(Available data begins)

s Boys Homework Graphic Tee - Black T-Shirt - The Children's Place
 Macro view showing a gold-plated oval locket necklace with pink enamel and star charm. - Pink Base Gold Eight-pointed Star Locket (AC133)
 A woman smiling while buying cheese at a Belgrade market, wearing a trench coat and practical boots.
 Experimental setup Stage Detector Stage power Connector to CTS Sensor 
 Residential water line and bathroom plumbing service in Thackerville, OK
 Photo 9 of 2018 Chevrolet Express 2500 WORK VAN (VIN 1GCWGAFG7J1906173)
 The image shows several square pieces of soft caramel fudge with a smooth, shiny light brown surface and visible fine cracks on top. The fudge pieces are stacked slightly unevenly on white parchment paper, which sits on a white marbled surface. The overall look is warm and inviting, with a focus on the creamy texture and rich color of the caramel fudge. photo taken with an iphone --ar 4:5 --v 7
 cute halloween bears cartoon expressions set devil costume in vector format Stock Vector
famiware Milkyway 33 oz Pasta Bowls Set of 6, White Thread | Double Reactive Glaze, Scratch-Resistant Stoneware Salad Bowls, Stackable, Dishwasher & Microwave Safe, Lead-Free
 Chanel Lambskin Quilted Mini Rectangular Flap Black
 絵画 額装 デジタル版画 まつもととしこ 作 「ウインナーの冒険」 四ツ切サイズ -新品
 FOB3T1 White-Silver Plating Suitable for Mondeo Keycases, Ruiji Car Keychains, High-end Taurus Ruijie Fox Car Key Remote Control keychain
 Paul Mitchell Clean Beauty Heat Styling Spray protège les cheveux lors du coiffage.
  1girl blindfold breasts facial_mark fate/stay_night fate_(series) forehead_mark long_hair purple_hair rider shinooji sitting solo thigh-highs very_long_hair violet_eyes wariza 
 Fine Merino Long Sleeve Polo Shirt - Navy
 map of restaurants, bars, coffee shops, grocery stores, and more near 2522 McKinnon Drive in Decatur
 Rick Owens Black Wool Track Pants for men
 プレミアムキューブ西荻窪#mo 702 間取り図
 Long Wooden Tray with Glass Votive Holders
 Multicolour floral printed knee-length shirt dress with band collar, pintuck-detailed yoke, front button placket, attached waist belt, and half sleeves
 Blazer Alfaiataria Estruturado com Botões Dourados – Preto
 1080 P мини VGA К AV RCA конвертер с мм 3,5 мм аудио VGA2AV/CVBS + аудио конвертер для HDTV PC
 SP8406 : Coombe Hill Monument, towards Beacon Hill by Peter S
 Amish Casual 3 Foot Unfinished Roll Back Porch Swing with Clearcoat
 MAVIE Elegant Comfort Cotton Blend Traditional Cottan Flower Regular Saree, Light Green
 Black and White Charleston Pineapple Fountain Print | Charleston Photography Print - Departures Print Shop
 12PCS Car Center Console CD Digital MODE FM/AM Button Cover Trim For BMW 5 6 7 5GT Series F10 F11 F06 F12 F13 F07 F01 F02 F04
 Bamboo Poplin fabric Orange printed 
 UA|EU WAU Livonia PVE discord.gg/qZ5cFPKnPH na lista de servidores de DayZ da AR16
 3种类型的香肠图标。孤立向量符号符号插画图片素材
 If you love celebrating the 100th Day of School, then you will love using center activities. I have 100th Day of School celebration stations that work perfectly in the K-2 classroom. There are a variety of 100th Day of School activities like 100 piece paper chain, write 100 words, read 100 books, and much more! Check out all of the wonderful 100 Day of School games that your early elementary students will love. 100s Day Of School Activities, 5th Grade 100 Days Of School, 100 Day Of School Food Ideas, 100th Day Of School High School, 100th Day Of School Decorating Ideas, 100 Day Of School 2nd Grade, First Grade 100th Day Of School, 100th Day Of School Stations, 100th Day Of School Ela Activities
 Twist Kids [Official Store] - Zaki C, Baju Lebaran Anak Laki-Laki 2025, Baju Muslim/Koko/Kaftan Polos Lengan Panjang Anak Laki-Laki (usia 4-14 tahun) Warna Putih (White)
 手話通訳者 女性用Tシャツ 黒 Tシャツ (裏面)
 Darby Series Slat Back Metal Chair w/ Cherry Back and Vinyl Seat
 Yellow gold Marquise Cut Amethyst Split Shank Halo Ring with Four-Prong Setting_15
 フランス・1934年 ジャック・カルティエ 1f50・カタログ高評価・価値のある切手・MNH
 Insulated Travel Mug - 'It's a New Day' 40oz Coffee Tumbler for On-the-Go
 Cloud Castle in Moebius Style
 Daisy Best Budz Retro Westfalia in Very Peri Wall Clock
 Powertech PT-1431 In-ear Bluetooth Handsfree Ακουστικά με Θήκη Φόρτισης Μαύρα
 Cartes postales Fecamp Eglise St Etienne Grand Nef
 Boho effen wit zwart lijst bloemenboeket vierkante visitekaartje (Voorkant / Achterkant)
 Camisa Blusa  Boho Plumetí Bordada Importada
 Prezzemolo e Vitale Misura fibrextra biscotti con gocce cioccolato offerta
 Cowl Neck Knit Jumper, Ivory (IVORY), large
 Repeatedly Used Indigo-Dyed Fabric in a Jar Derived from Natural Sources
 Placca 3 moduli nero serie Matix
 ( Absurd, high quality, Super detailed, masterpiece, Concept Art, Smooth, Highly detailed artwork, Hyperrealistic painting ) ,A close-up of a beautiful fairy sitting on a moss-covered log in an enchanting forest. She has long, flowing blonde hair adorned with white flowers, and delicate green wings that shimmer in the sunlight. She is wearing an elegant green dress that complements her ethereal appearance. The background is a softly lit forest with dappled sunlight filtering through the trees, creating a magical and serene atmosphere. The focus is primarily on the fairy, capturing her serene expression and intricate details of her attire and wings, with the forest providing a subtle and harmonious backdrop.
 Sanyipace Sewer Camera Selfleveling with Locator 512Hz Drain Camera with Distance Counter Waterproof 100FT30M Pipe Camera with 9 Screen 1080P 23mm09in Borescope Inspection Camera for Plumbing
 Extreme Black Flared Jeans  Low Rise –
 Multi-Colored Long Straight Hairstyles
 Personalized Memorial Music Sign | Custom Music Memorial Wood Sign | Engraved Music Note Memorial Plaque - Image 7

(Available data ends)

■ What needs to be done
In the entries above, find the line holding "Cloud Castle in Moebius Style" and the line holding "Boho effen wit"; print both of them and every line between, exactly, and nothing else.

■ Response below
 Cloud Castle in Moebius Style
 Daisy Best Budz Retro Westfalia in Very Peri Wall Clock
 Powertech PT-1431 In-ear Bluetooth Handsfree Ακουστικά με Θήκη Φόρτισης Μαύρα
 Cartes postales Fecamp Eglise St Etienne Grand Nef
 Boho effen wit zwart lijst bloemenboeket vierkante visitekaartje (Voorkant / Achterkant)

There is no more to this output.